Even given timely legislation, there remains a concern about whether the developing countries will effectively enforce their new laws. The TRIPs agreement spells out specific procedures and legal remedies to be used in defending patent rights. Sherwood (1997) summarizes these, in part, as follows: “Civil and administrative procedures and remedies are delineated … They include the assurance that confidential information will be protected during and after proceedings …. authority to discover evidence solely in the hands of another party is to be provided, …. The conditions under which precautionary measures, such as injunctions, are to be made available are stipulated…. articles recite the approach to damages, to other remedies, to compelling information regarding other infringers and indemnification of defendants…Member countries [must] provide authority for a party to lodge a request with customs officials to block the importation of infringing goods….Finally, Article 61 specifies various criminal procedures which countries are to make available to prevent infringements.” Of course, in countries with limited judicial capacity such directives will be of limited use. It will also take time before uncertainty about the effectiveness of enforcement procedures is resolved. However, ultimately, if enforcement is less than satisfactory, the “pro-patent” countries may be able to obtain redress by exerting the same pressure that led to adoption of the TRIPs agreement in the first place.

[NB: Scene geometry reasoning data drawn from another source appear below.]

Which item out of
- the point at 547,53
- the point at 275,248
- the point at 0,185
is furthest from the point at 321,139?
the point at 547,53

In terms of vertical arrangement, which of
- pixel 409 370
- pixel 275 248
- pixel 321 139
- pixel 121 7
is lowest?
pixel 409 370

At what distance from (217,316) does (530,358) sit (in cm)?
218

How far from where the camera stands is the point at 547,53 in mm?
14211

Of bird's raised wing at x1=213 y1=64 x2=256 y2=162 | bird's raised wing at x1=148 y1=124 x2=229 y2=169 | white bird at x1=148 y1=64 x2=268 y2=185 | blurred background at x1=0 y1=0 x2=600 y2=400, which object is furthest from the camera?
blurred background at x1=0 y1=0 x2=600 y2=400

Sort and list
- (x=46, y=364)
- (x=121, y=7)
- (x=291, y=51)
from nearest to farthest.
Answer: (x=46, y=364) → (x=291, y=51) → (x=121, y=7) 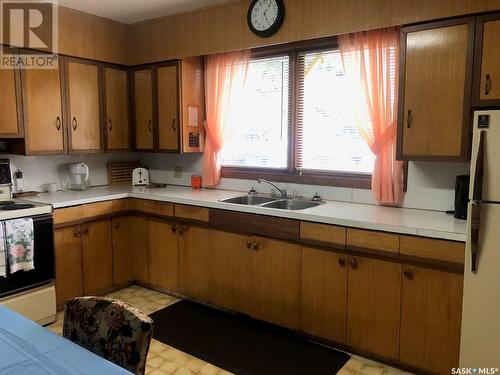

Although industry expresses some doubt about implementation, their actions suggest that they view the commitments made as credible. Patent applications made to the Indian PTO for pharmaceutical innovations show a doubling in 1995 over previous levels—and most of the increase was to foreign inventors. Applications for product innovations were about 57% of total applications in 1995 (CDRI, 1996; and authors’ calculations). These are incremental since such protection was not available in earlier years. Of these incremental patents, 86% were to inventors with a non-Indian address. This is far higher than the representation of foreign patentees taking advantage of the process patent regime: among patents recently granted (and therefore restricted to process innovations) foreigners received 61% in 1995, 53% in 1996 and 45% in 1997 (IDMA 1996-98).

Given the progress of both bilateral and multilateral negotiations and, importantly, the U.S. government’s demonstrated willingness to make intellectual property an issue high on the agenda in its discussions with developing countries, by the end of the 1980s pharmaceutical companies could have been reasonably confident that most of the developing world would be protecting inventors rights within the coming decade. While doubts continue to remain about the quality of those rights, it does not appear likely that much backsliding will be allowed, or even attempted. Given the long lags associated with the research and development of new products, we believe these expectations could have been sufficient to encourage some response from firms starting at the end of the 1980s or beginning of the 1990s.